Se a primeira sala é maioritariamente gráfica, a segunda pode ser considerada uma sala de leitura. Ex-votos: domingo, cemitério anónimo e memorial aos ferroviários (2012), resulta da apropriação excertos publicados pela Companhia de Caminhos de Ferro Portugueses, na primeira metade do século XX, a que a artista sobrepõe comentários pessoais. Um conjunto de aide-mémoires que nos fazem viajar no tempo, passando por um dos primeiros momentos das lutas sindicais no feminino em Portugal – a greve das conserveiras de Setúbal (março de 1911) até aos sucessivos suicídios em linhas de comboio que ocorreram no período da Troika, e onde também podemos ler um poema do neo-realista Manuel Fonseca sobre um pintor que decide matar-se por ser domingo. Na mesma sala Bordas de Alguidar (2011-12), nasce do contexto da crise económica, emprestando o grafismo popular e caricatural, desenvolvido por Bordalo Pinheiro na viragem para o séc. XX, para tecer uma sátira política entre o passado pré-republicano e o presente neo-liberal. Critica-se a falta de investimento na cultura e na educação, através da figura do Zé Povinho, acompanhado de personagens como Cavaco Silva, Passos Coelho e Angela Merkel.

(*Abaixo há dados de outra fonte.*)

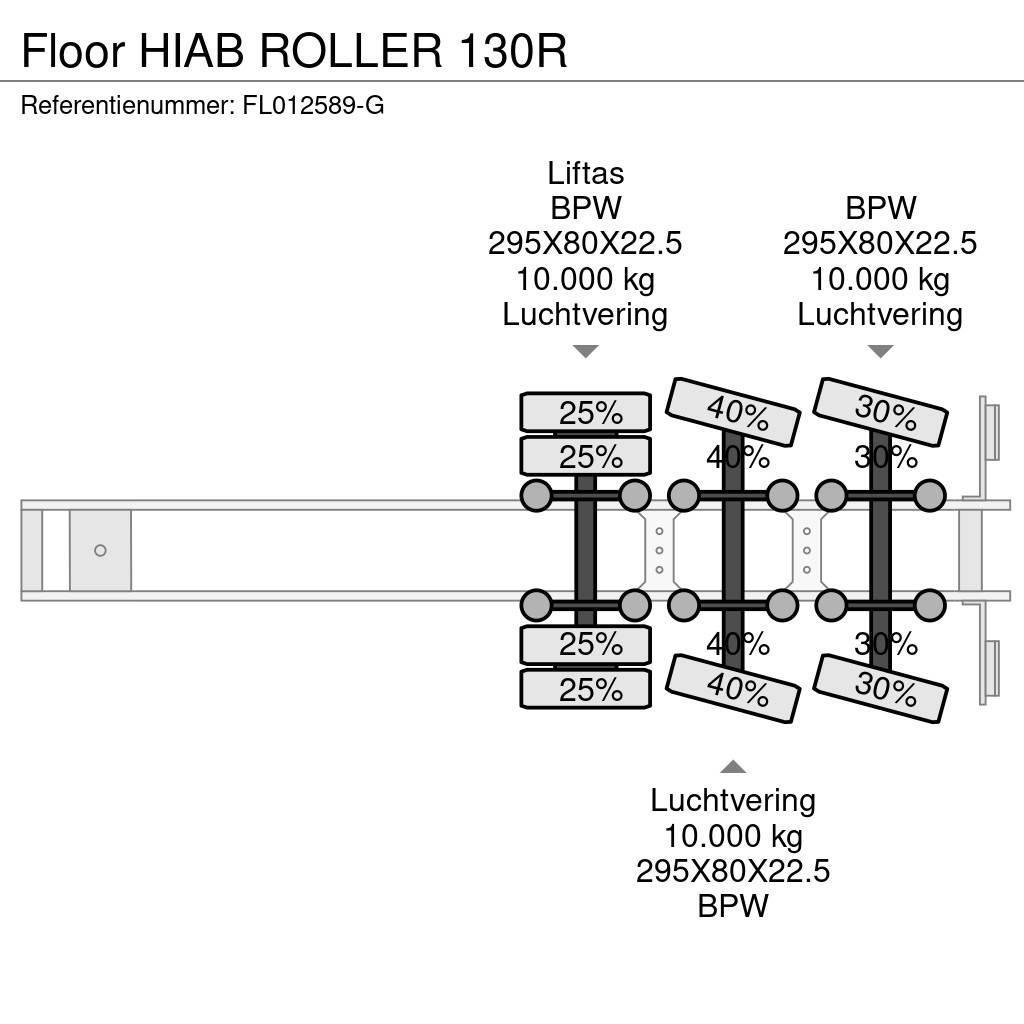 Floor HIAB ROLLER 130R Planhengere semi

No corredor adjacente às galerias ecoam músicas de trabalho, compiladas por Michel Giacometti e Fernando Lopes-Graça, parte da instalação O Povo Reunido, Jamais Será – Representações Gráficas (2009-10) —cujo o título parece ironicamente inverter o conhecido mote da revolução de 25 de Abril de 1974— composta por uma pilha de cadeiras arrumadas, destituídas de utilidade, e por um conjunto de pinturas inspiradas em cartazes de propaganda política dos quais foi eliminada a componente escrita. Ordem de Assalto (2011-20), uma instalação composta por produtos alimentares que remetem ao imaginário português, suspensos por redes de pesca e fio norte, leva-nos através do olfato e da visão ao interior de uma mercearia local. Concebida durante os tempos conturbados da Troika, esta obra remete ao racionamento alimentar que a pobreza impõe, em períodos de crise. Na última sala, encontram-se Família (2004) e Ser pós-moderno em Portugal (2005) – obras de índole mais íntimo, mas não menos políticas, um diário ilustrado, composto por narrativas pessoais sobre parentes, amigos e o tempo na escola, reminiscentes de questões abordadas ao longo da exposição.

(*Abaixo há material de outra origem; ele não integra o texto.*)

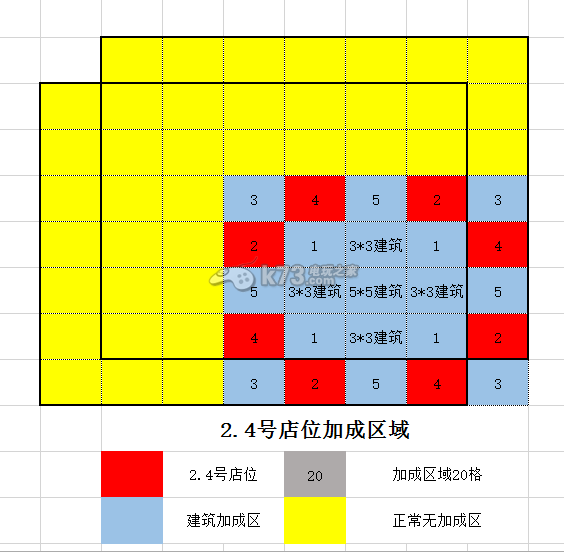 大富豪2 25格高收益联营详解 大富豪2 25格高收益联营详解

O fenómeno coletivista é uma constante na investigação de Carla Filipe, desde as greves operárias à passagem pelos artist-run spaces. Tendo estudado na FBAUP, a artista foi protagonista da artist-led scene portuense, enquanto cofundadora do Salão Olímpico (2003-05), com Eduardo Matos, Renato Ferrão, Isabel Ribeiro e Rui Ribeiro e do Projecto Apêndice (2006-08) com Isabel Ribeiro. Na Biblioteca de Serralves encontramos livros, edições de artista e posters realizados no contexto dos espaços informais – plataformas privilegiadas de debate, encontro e intercâmbio, autênticas redes que se estendem para lá do espaço físico.
In my own language I am independente, de Carla Filipe está patente até dia 17 de setembro de 2023 no Museu de Arte Contemporânea de Serralves.
1 Krenak, Ailton (2020). A vida não é útil: Ideias para salvar a Humanidade. São Paulo: Companhia das letras.